* [Exercise objective] The answer should hold every line of the listing, unchanged and free of images.

* [Data shown]
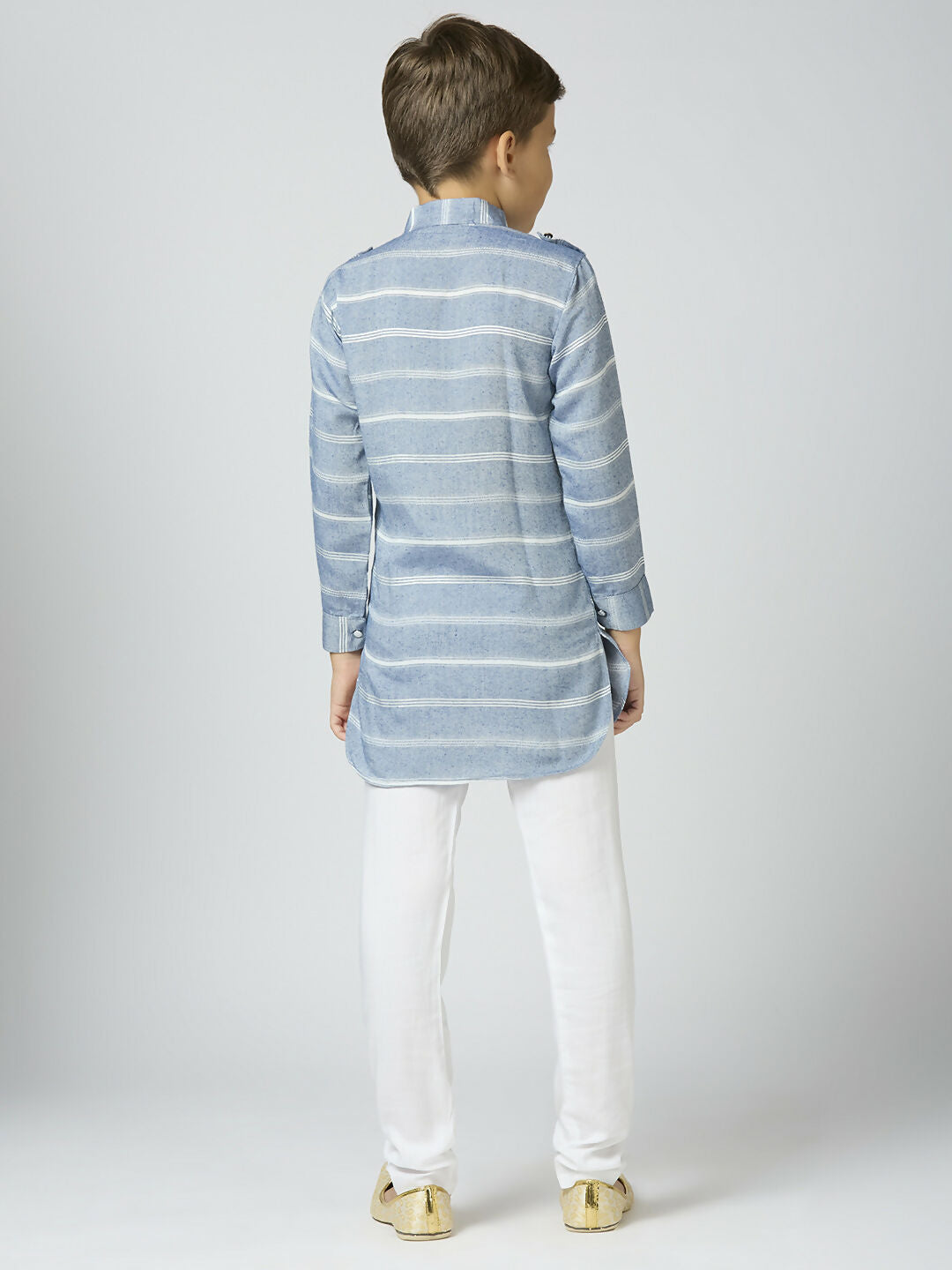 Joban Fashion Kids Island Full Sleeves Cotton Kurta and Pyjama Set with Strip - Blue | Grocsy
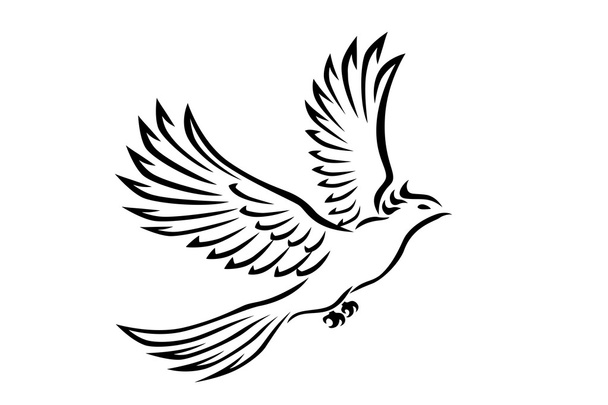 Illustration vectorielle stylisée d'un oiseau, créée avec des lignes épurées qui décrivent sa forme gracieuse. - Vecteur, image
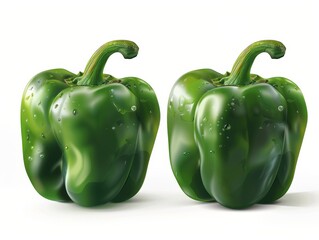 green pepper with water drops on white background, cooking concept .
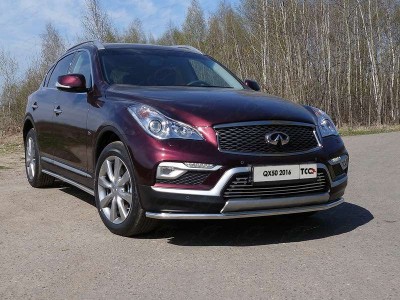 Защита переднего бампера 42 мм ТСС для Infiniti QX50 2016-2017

* [Problem solution]
 Joban Fashion Kids Island Full Sleeves Cotton Kurta and Pyjama Set with Strip - Blue | Grocsy
 Illustration vectorielle stylisée d'un oiseau, créée avec des lignes épurées qui décrivent sa forme gracieuse. - Vecteur, image
 green pepper with water drops on white background, cooking concept .
 Защита переднего бампера 42 мм ТСС для Infiniti QX50 2016-2017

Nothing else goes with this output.